65 Prozent fühlen sich ganz persönlich durch Terrorismus bedroht, zehn Prozent sogar sehr. Mit entsprechenden Konsequenzen: 45 Prozent der Bürger waren an Orten, an denen sich viele Menschen aufhalten, schon mindestens ein Mal verunsichert, zum Beispiel in Bahnhöfen, auf Volksfesten oder in Innenstädten. Drei Prozent fühlen sich sogar permanent unsicher. Trotzdem möchten sich die meisten von ihrer Angst nicht einschränken lassen und führen weiterhin ihr gewohntes Leben. 27 Prozent meiden jedoch aus Vorsicht bestimmte Orte oder Ereignisse wie große Volksfeste, Sportveranstaltungen oder Flughäfen.
Schutz vor Terror durch die Politik
Und welche Rolle kommt der Politik zu? Der Rechtsreport zeigt, dass nur 26 Prozent der Bevölkerung ihr zutrauen, Deutschland mit den richtigen Maßnahmen vor Terroranschlägen schützen zu können. 58 Prozent hingegen halten einen wirksamen Schutz für kaum umsetzbar.
Nach möglichen Maßnahmen im Anti-Terror-Kampf gefragt, zeichnet sich dennoch breite Zustimmung ab: So sind jeweils mehr als drei Viertel dafür, Personen zu verhaften, die in terroristischen Ausbildungscamps waren, öffentliche Plätze strenger zu überwachen und enger mit ausländischen Geheimdiensten zusammenzuarbeiten. Fast ebenso viel Unterstützung erhalten die konsequente Abschiebung von Asylbewerbern unter Terrorverdacht sowie stärkere Grenzkontrollen.

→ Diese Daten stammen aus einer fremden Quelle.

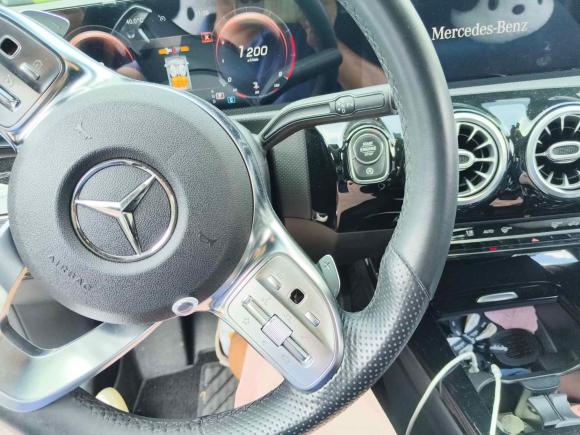 [上海·沪B] 二手奔驰奔驰A级2021款 A 200 L 运动轿车时尚型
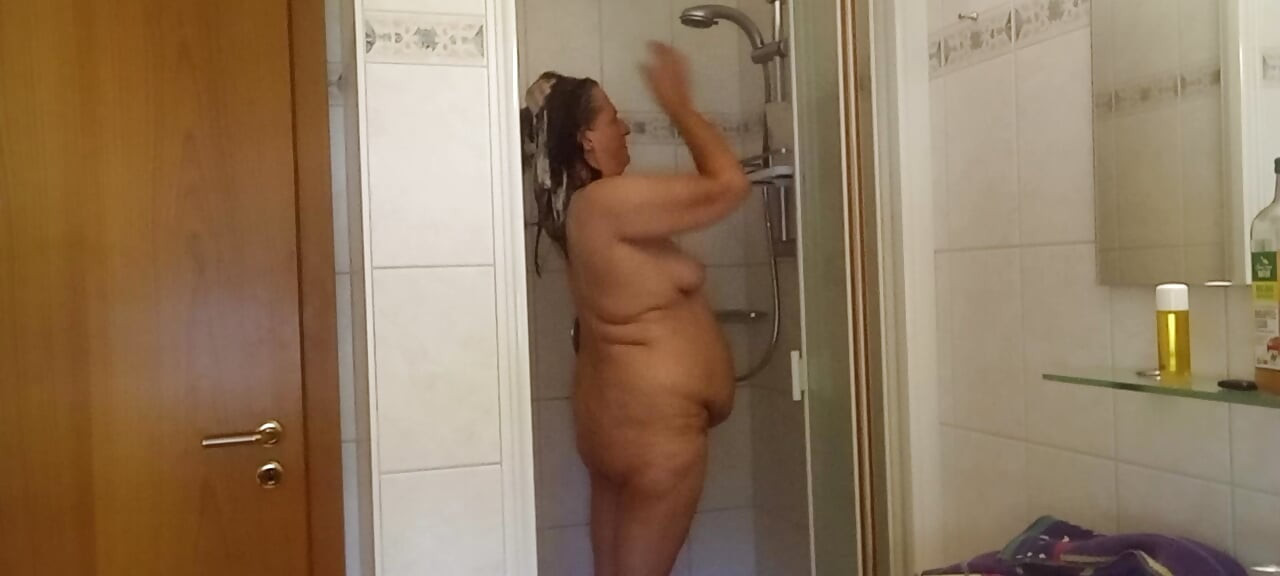 Moden tysk MILF 52 bader en buttet krop under bruseren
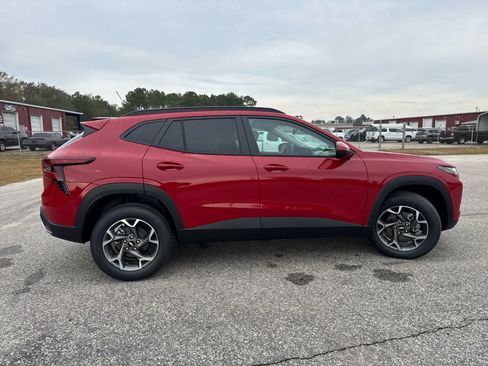 New 2026 Chevrolet Trax LT image 8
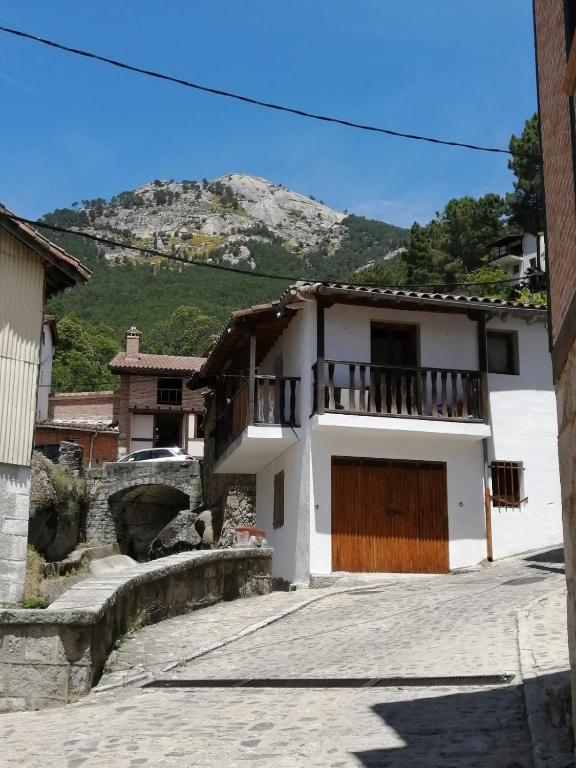 La Estrella de Gredos, Guisando – Precios 2022 actualizados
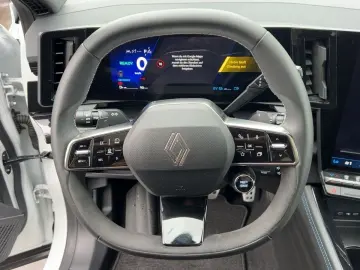 RENAULT Rafale E-TECH HYPRID 200 ESPRIT ALPINE UPE 56.00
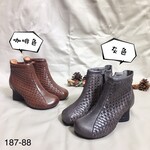 广州女鞋工厂现货批发供应休闲手工复古原创民族女鞋靴子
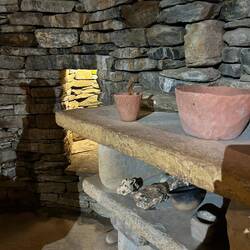 Inne en rekonstruktion av boenden i Skara Brae.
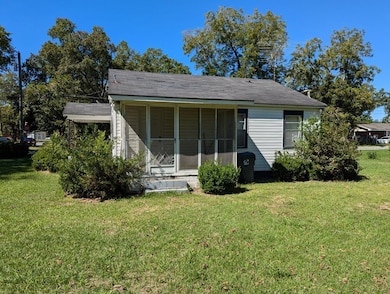 87 Newton St, Camilla, GA 31730 - photo 2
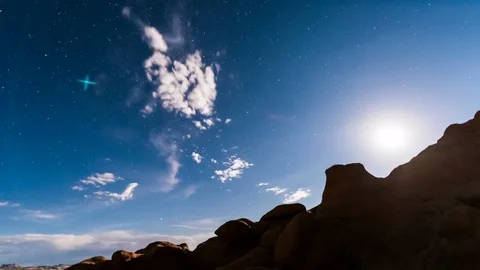 Timelapse of night sky, full moon rising, in Goblin Valley State Park, Utah Vidéo 80002570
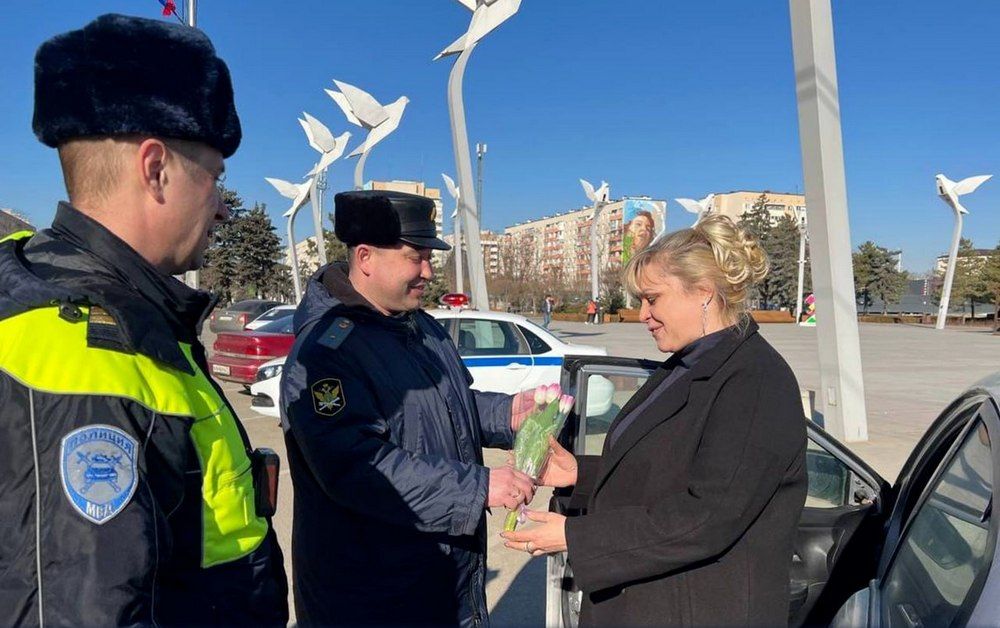 Судебные приставы ДНР совместно с сотрудниками Госавтоинспекции поздравили женщин с 8 марта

62 Prozent der Deutschen möchten zudem, dass Personalausweise und Reisepässe grundsätzlich mit biometrischen Daten ausgestattet werden. 59 Prozent fordern die Registrierung der Fingerabdrücke von jedem, der nach Deutschland einreist. Und mehr als die Hälfte der Deutschen begrüßt es, Terrorverdächtige in Sicherheitsverwahrung zu nehmen, selbst wenn ihnen keine konkrete Straftat nachgewiesen werden kann.